WHAT IS NEEDED. Copy nothing before the line that contains "Recreate if anything"; from there, transcribe each line exactly through the end of the material, omitting pictures.

DATA SHOWN.
__________

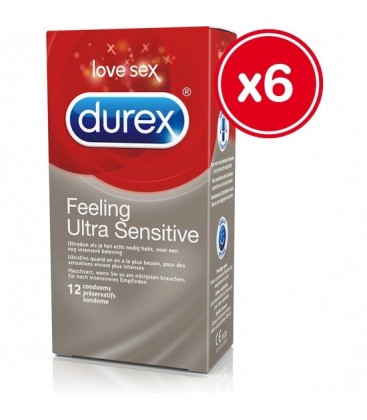 DUREX ULTRA SENSITIVOS 12 UDS 6 CAJAS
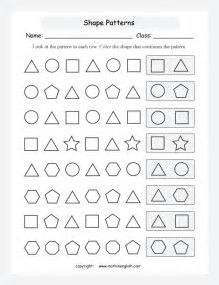 Recreate if anything on construction paper for the children to finish the pattern Preschool Pattern Worksheets, Preschool Patterns, Math Patterns, Printable Shapes, Pattern Worksheet, Worksheets For Preschool, 1st Grade Math Worksheets, Shapes Worksheets, 2nd Grade Worksheets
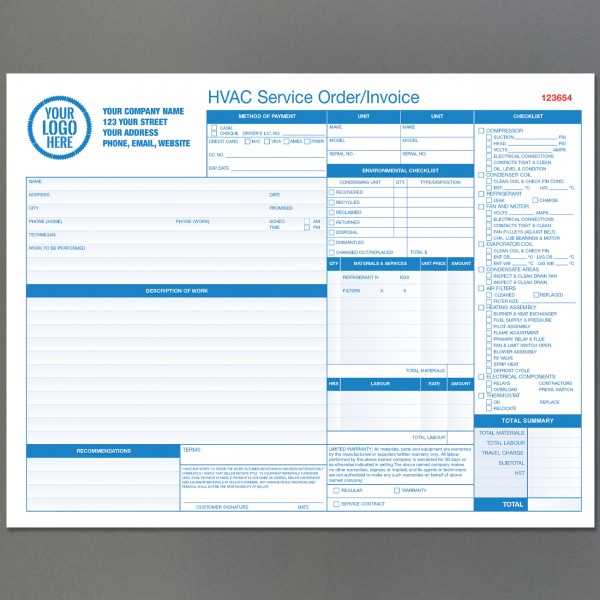 air conditioning invoice template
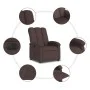 Elektrischer Relaxsessel dunkelbrauner Stoff von , Sessel - Ref: Foro24-3204073, Preis: 244,58 €, Rabatt: %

__________

OUTPUT OF THE EXERCISE.
 Recreate if anything on construction paper for the children to finish the pattern Preschool Pattern Worksheets, Preschool Patterns, Math Patterns, Printable Shapes, Pattern Worksheet, Worksheets For Preschool, 1st Grade Math Worksheets, Shapes Worksheets, 2nd Grade Worksheets
 air conditioning invoice template
 Elektrischer Relaxsessel dunkelbrauner Stoff von , Sessel - Ref: Foro24-3204073, Preis: 244,58 €, Rabatt: %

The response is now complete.